Le budget prévoit des mesures extraordinaires pour offrir du crédit et des garanties de prêt aux entreprises, en plus de proposer des plans de réglementation nationale pour l’industrie financière. Toutefois, la réglementation est censée être « fondée sur des principes » plutôt que sur des règles. Dans la plupart des cas, cela équivaudra à encore plus d’autoréglementation et de déréglementation pour l’industrie financière – en somme, exactement ce qui a causé la présente crise financière et économique.

Le budget estime que ces mesures créeront 142 000 nouveaux emplois nets et 47 000 de plus si l’on tient compte de l’« effet de levier » provincial et municipal. Selon ces chiffres, le chômage devrait demeurer inférieur à 7 % l’année prochaine.
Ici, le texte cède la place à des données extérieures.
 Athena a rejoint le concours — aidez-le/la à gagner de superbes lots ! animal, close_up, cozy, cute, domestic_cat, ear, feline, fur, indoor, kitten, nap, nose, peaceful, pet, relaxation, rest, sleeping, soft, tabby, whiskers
Mais la capacité de créer des emplois additionnels est douteuse, puisque les municipalités sont à court d’argent et que rien ne garantit que les emplois prévus grâce à l’effet de levier des prêts et du logement se matérialiseront.

Note : Incomplet

Le budget fédéral de 2009 a été préparé dans un climat exceptionnel d’attention et d’anticipation. Il a été élaboré dans la foulée d’une crise financière qui a déstabilisé l’économie mondiale et provoqué un revirement fondamental des politiques économiques généralement acceptées.

Le règne de trente années de baisses d’impôt basées sur une relance économique par l’offre, de discipline fiscale, de déréglementation et de privatisation en tant que principes d’orthodoxie économique a pris fin. Désormais, les gouvernements du monde favorisent une gouvernance active, le retour à la réglementation et des mesures de stimulation keynésiennes comme solutions à la crise économique et financière.

Dans son premier test de navigation dans ces eaux inconnues – son énoncé économique de novembre – le gouvernement Harper a échoué à plusieurs égards. Il a présenté des prévisions peu plausibles, en plus de faire preuve d’une attitude cavalière face à la crise économique et d’un opportunisme crasse qui s’est retourné contre lui et a presque entraîné sa chute.

Dans un contexte économique qui ne s’améliore pas, le budget fédéral de 2009 avait d’autres épreuves à surmonter : 1) il devait obtenir l’appui politique nécessaire pour garder le pouvoir et 2) il devait livrer la marchandise sur des points économiques clés : stimulation de l’économie, protection des plus vulnérables et maintien et création d’emplois par la relance de l’économie.

Le budget semble avoir réussi son premier examen politique avec l’appui de l’opposition libérale. Même s’il est encore difficile de savoir s’il finira par atteindre ses objectifs économiques importants, ce premier bulletin de notes indique qu’il a encore bien du chemin à faire.